- Genre: Reality
- Starring: Denise Richards; Aaron Phypers; Lola Sheen; Sami Sheen; Eloise Richards;
- Country of origin: United States
- Original language: English
- No. of seasons: 1
- No. of episodes: 8

Production
- Executive producers: Denise Richards; Alex Baskin; Jenn Levy; Joe Kingsley; Jeff Festa; Adam Griffin; Brian McCarthy; Brittany Nabors; Luke Neslage;
- Running time: 22 minutes
- Production companies: 32 Flavors; Smoke & Mirrors Entertainment;

Original release
- Network: Bravo
- Release: March 4 – April 8, 2025

Related
- Denise Richards: It's Complicated

= Denise Richards & Her Wild Things =

American reality television series

Denise Richards & Her Wild Things is an American reality television series that premiered March 4, 2025, on Bravo.
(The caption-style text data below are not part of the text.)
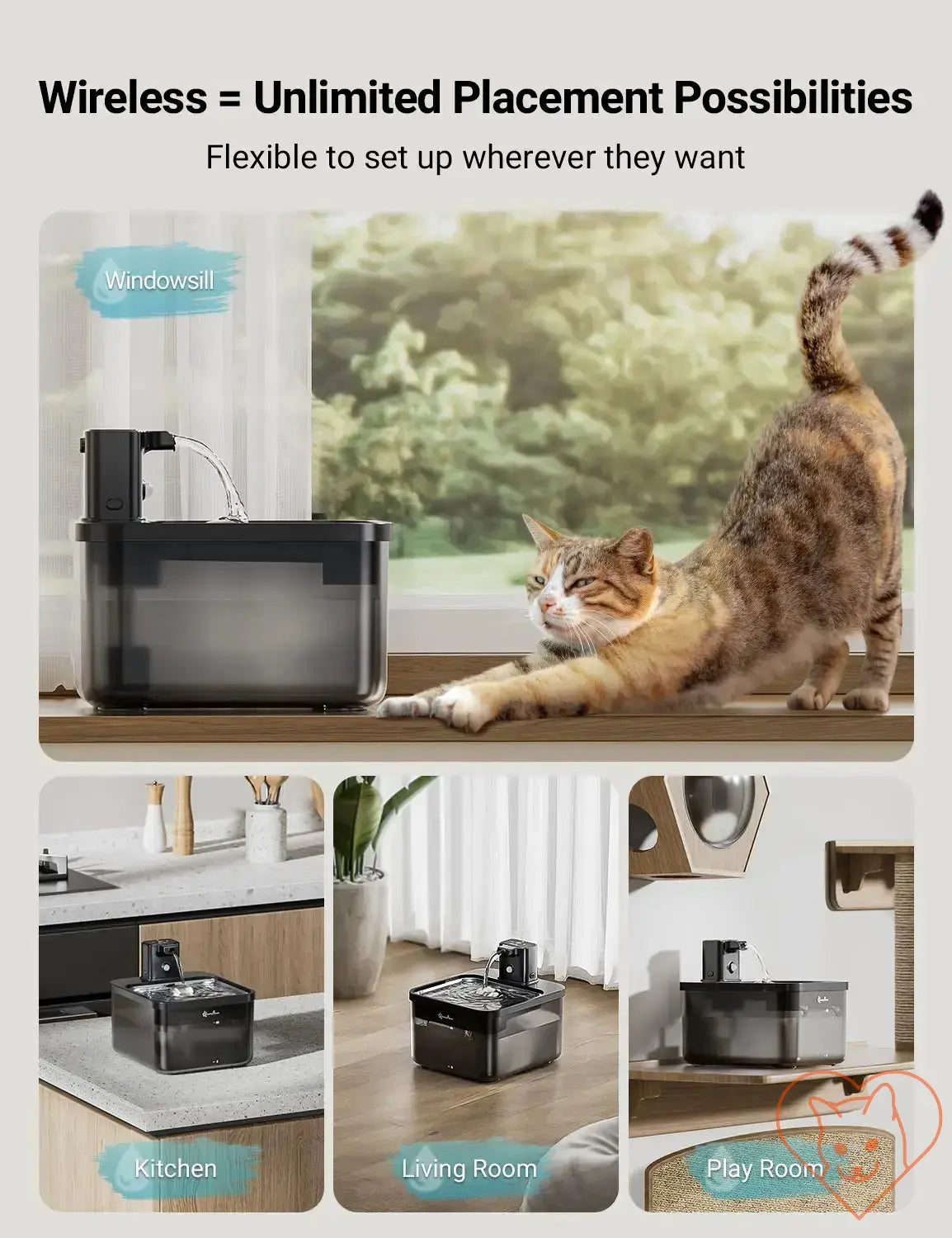 DownyPaws 2.5L Wireless Stainless Steel Cat Fountain Cat World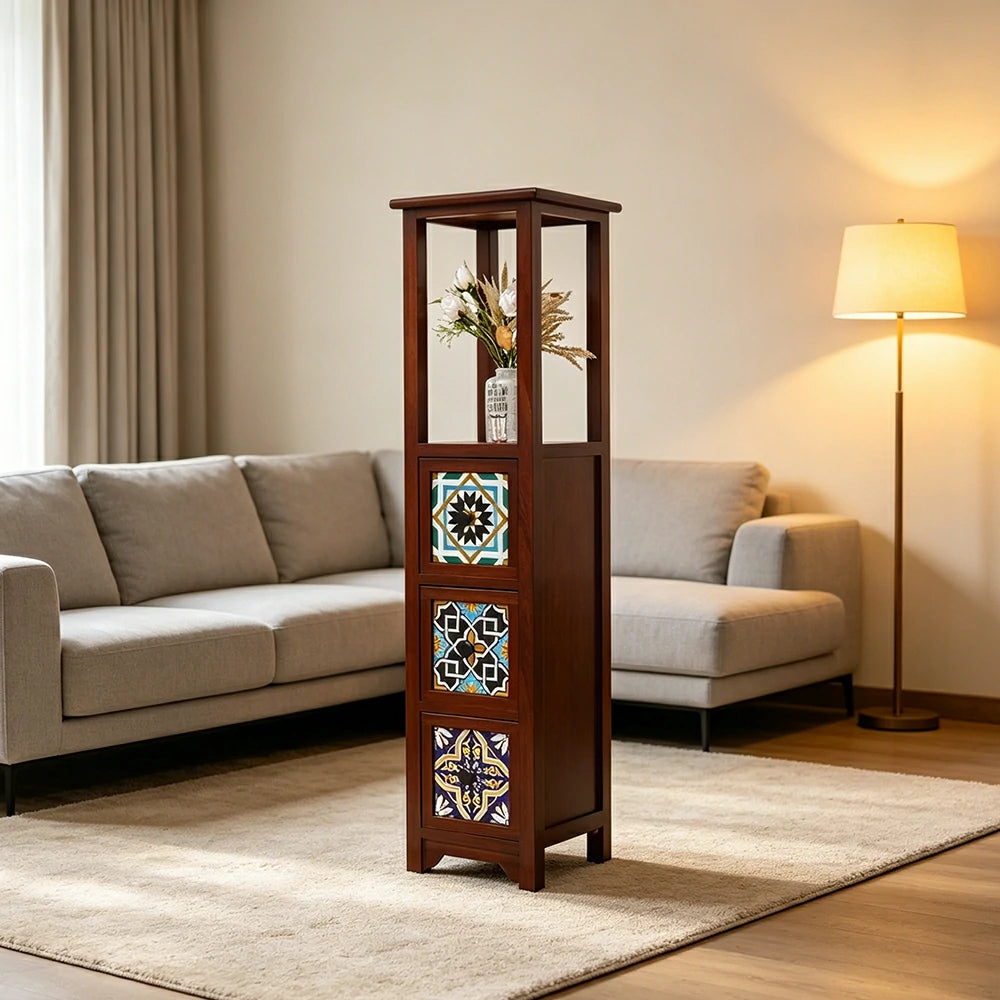 LIVARA Solid Wood Plant Storage Rack Narrow Display Storage with Three Drawers for Living Room Bedroom Entryway - Walnut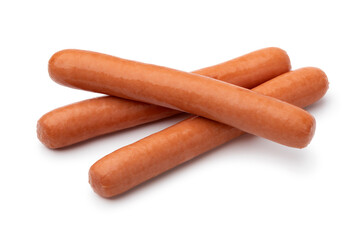 Frankfurter sausages close up for a snack isolated on white background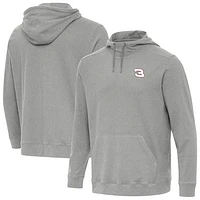 Men's Antigua  Heather Gray NASCAR Cloud Pullover Hoodie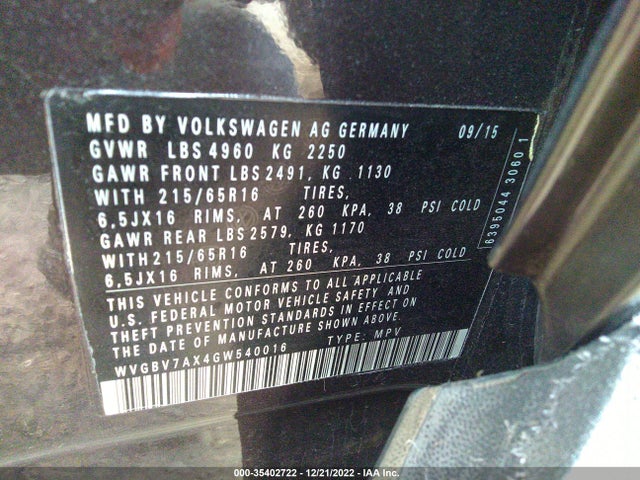 2016 Volkswagen Tiguan, VIN: WVGBV7AX4GW540016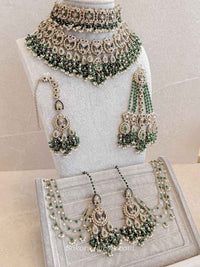 Zariya Emerald Green & Golden Crystal Bridal Set - SOKORA JEWELSZariya Emerald Green & Golden Crystal Bridal Setnecklace sets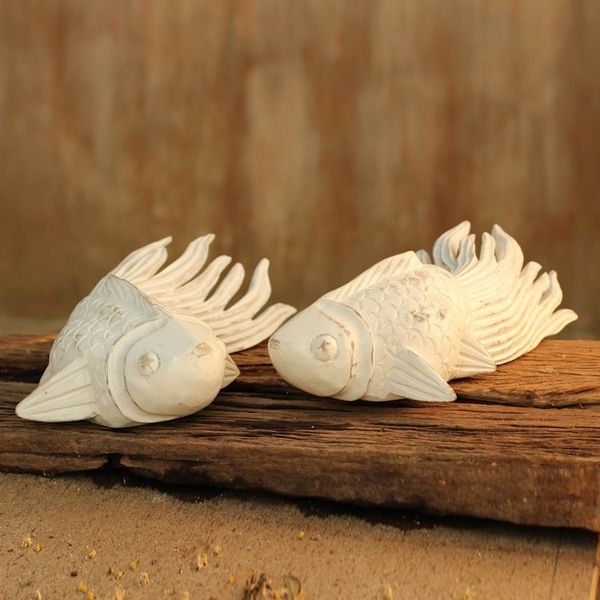 Alternate image for Wood sculptures Pair Cheerful Goldfish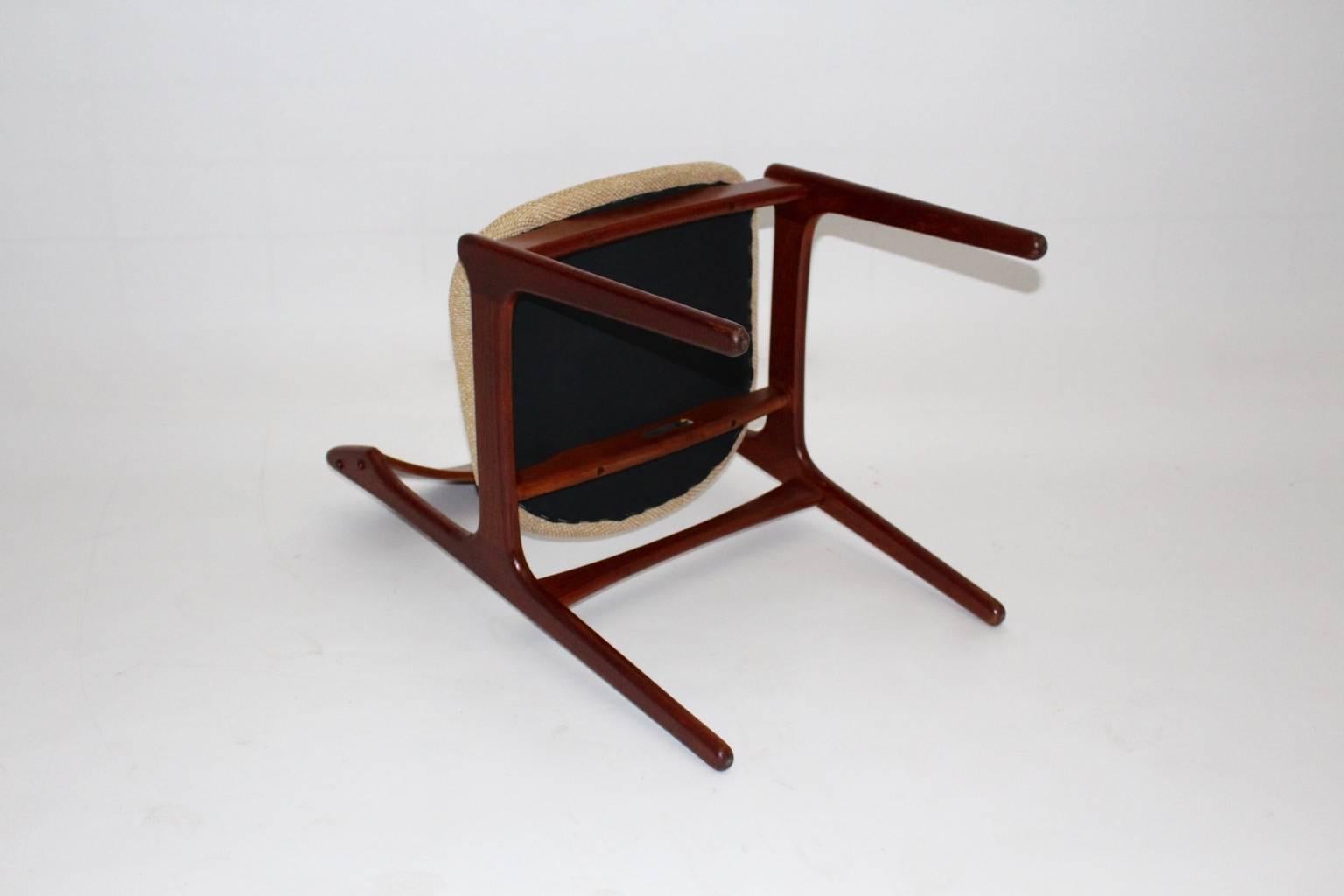 Scandinavian Modern Vintage Six Teak Dining Chairs Erik Buck, 1967, Denmark 3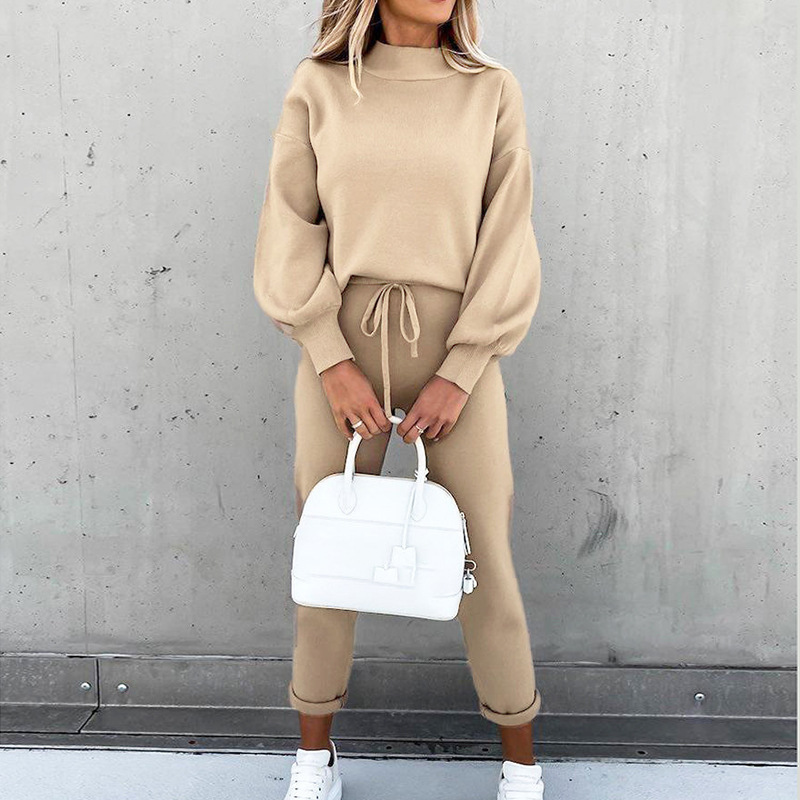 Fall/Winter Women's Wear Suit High Neck Casual Solid Color Pants Two-piece Set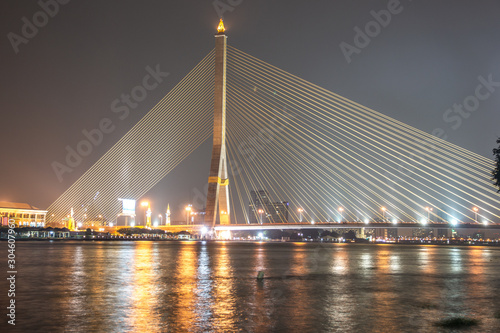 Rama VIII Bridge at night in Bangkok, Thailand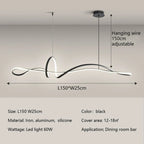 Minimalist LED Chandelier for Dining Room with Long Strip Design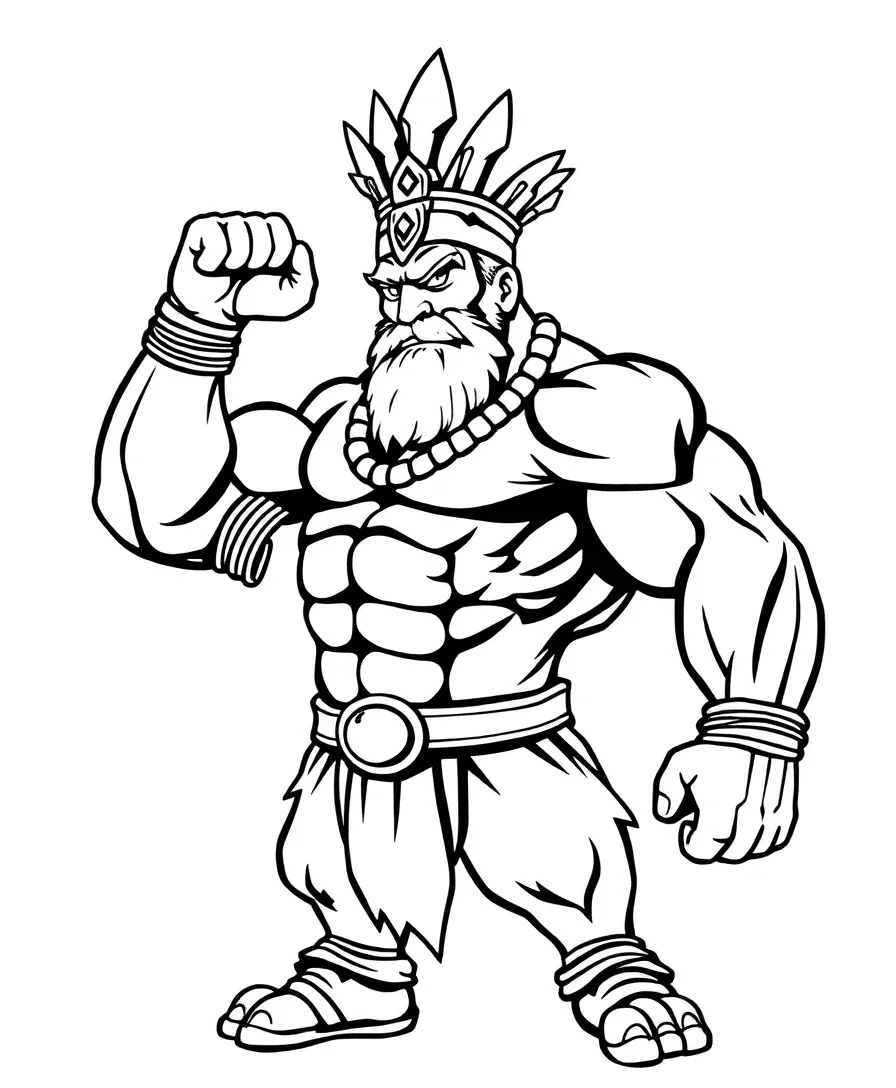 Illustration of El Primo with bold lines, perfect for detailed coloring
The series follows Denise Richards, her husband Aaron Phypers, and daughters Lola Sheen, Sami Sheen and Eloise Richards.

==Premise==
The series follows Denise Richards as she navigates work and family life, with husband, Aaron Phypers, and daughters Lola Sheen, Sammi Sheen and Eloise Richards.

==Cast==
- Denise Richards
- Aaron Phypers
- Lola Sheen
- Sami Sheen
- Eloise Richards

==Episodes==

| No. | Title | Original release date | Viewers (millions) |
|---|---|---|---|
| 1 | "Wild Beginnings" | March 4, 2025 | 0.491 |
| 2 | "Spelling It All Out" | March 4, 2025 | 0.320 |
| 3 | "Drop Dead Gorgeous Lizard" | March 11, 2025 | 0.356 |
| 4 | "Only Pans" | March 11, 2025 | 0.306 |
| 5 | "Yes, Chef!" | March 18, 2025 | 0.345 |
| 6 | "Video Killed the Movie Star" | March 25, 2025 | 0.346 |
| 7 | "My Dinner with Charlie" | April 1, 2025 | 0.400 |
| 8 | "The Family that Photoshoots Together..." | April 8, 2025 | 0.368 |

==Production==
In June 2024, it was announced E! had greenlit a reality television series focusing on Denise Richards and her family. In July 9, 2025, Bravo Network cancelled Denise Richards & Her Wild Things after one season.